Playing partners off against each other

Image:

Using both AWS and Microsoft Azure meant BAT could foster “competitive tension” to get the best deal

British American Tobacco’s Javed Iqbal turned cloud competition into cost savings.

Most new businesses today are cloud-first, if not cloud-only, but that’s a modern development. Established companies are dragging around long tails of legacy tech, tripping them up as they try to match their younger competitors’ speed and agility.

British American Tobacco, established in 1902, had a longer tail than most, but director of digital and information Javed Iqbal has managed to carve it down considerably in the last 10 years.

Here, Javed shares how he took BAT from a global portfolio of datacentres and factories running different technologies to a single, streamlined cloud estate.

Embrace the change

It all started with BAT’s push to the cloud, which began 10 years ago. Like “everybody” in “the good old days,” BAT operated a network of on-prem datacentres in factories, business premises and sales offices.

The agility and scalability of cloud was a big pull factor; suddenly, the team could do in minutes or hours what had previously taken days or weeks – and they could do it for less money.

The security boost also helped. The cyber environment has become “more challenging” in the last decade, especially for a firm that was trying to protect datacentres in 100+ different locales with diverse technology sets. Working with partners like Microsoft and AWS to protect cloud environments has been “a major step change.”

“Even if I had doubled my cyber spend on my datacentres in terms of protection, I wouldn’t be at the level where I am today.”

Pit partners against each other

Involving two of cloud’s biggest beasts turns out to have been a smart move on Javed’s part, giving BAT “a nice competitive tension between the two big service providers.”

Both AWS (mostly responsible for the North American business) and Microsoft Azure (running the rest of the world) are “great services,” but “90% of the things [they provide] are almost the same.”

Javed used that similarity to get the most out of his investments, placing the majority of his estate with the provider that could offer the most value.

Sharing BAT’s transformation roadmap with partners was also a big help in guiding investment:

“If you have a roadmap, you can actually go and see what else you can do with that service provider for your overall digital plan, versus just treating it as one transaction…

“Other than just doing the technical move from local datacentres to cloud, we also were able to work on certain IT projects…with the sponsorship of our partners on cloud.”

Javed admits BAT’s size – it’s part of the FTSE 100 – was a tremendous help in this period, as partners were incentivised to invest in areas that would assist such an important customer. Microsoft’s commercial account team, for example, put $5 million into a project BAT was working on because of how much it was moving into the Azure environment.
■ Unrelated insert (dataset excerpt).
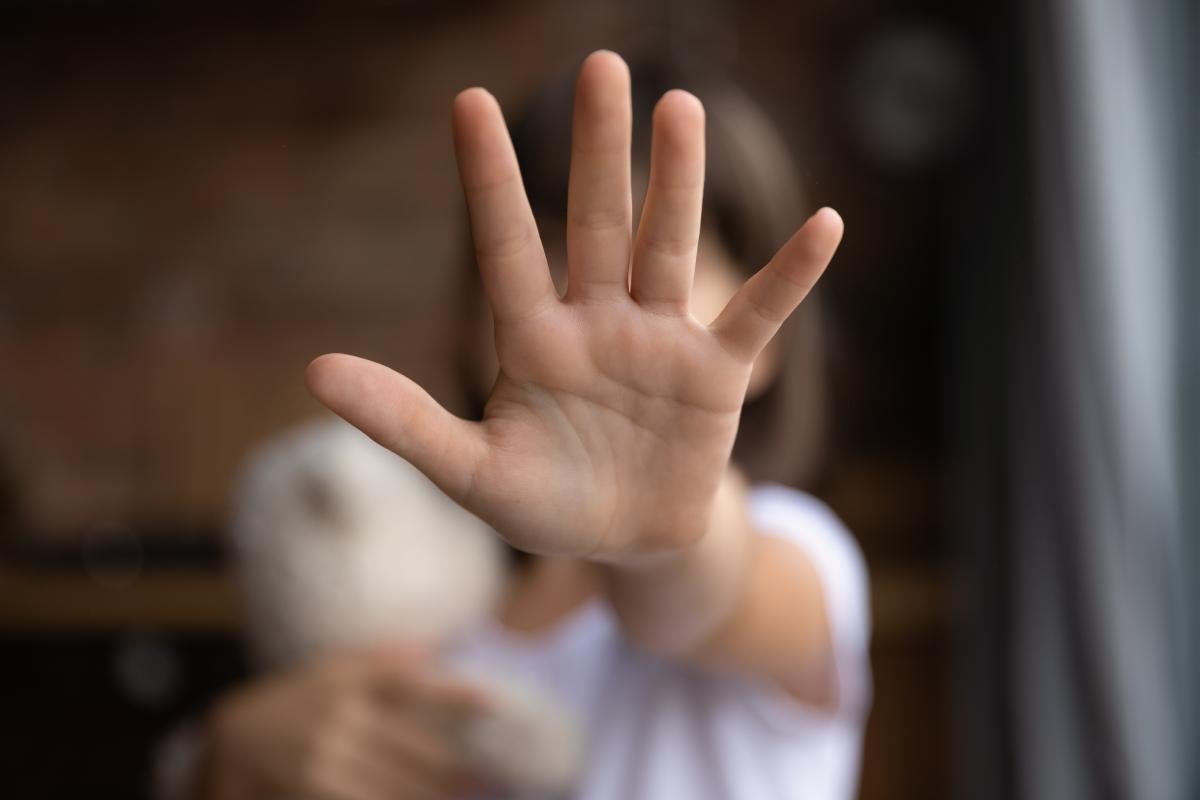 Descrição da Imagem: Uma criança estende a mão aberta para a câmera, um dos símbolos da luta contra o bullying nas escolas.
Leave the complexity till last

By December BAT had moved 60% of its estate to cloud. That jumped closer to 80% this year, when the company moved its on-prem SAP instance into SAP Rise; and Javed thinks they’ll hit 85% by the end of 2025.

The SAP migration was “one of the most complex movements” of the transition, taking about 18 months from planning to execution.

“[BAT’s SAP instance] has roughly 18,000 interfaces and 154,000 transactions happening every day… How do you move that?”

For Javed, it meant working closely with AWS and Microsoft, as well as SAP itself, to develop “detailed planning,” which sped the process up over time.

“What I think we got better at is not moving bigger data sets; we got better at planning how to migrate on the cloud environment.”

SAP wasn’t the only difficult part of the cloud journey; there was a physical element to it, too.

“Our biggest challenge was our factories. Most of our factories are in remote locations and we were initially under the impression that you need a local datacentre for your factory operations. That was one of the…barriers we saw in the early days, but last year we successfully removed that barrier.

“Our factory in Mexico became the first factory that is now on cloud.”

The factories represent most of the final 15% of the IT estate BAT has to move to the cloud, but the pace is picking up. There are now three fully in the cloud, and Javed expects to reach 95% cloud operations within the next two years.

When I ask him for the biggest lesson he’s learned from 10 years of migration work, there isn’t even a hint of a pause:

“Don’t start by moving your SAP Enterprise – start small. And I’d strongly encourage not having a local datacentre at all.”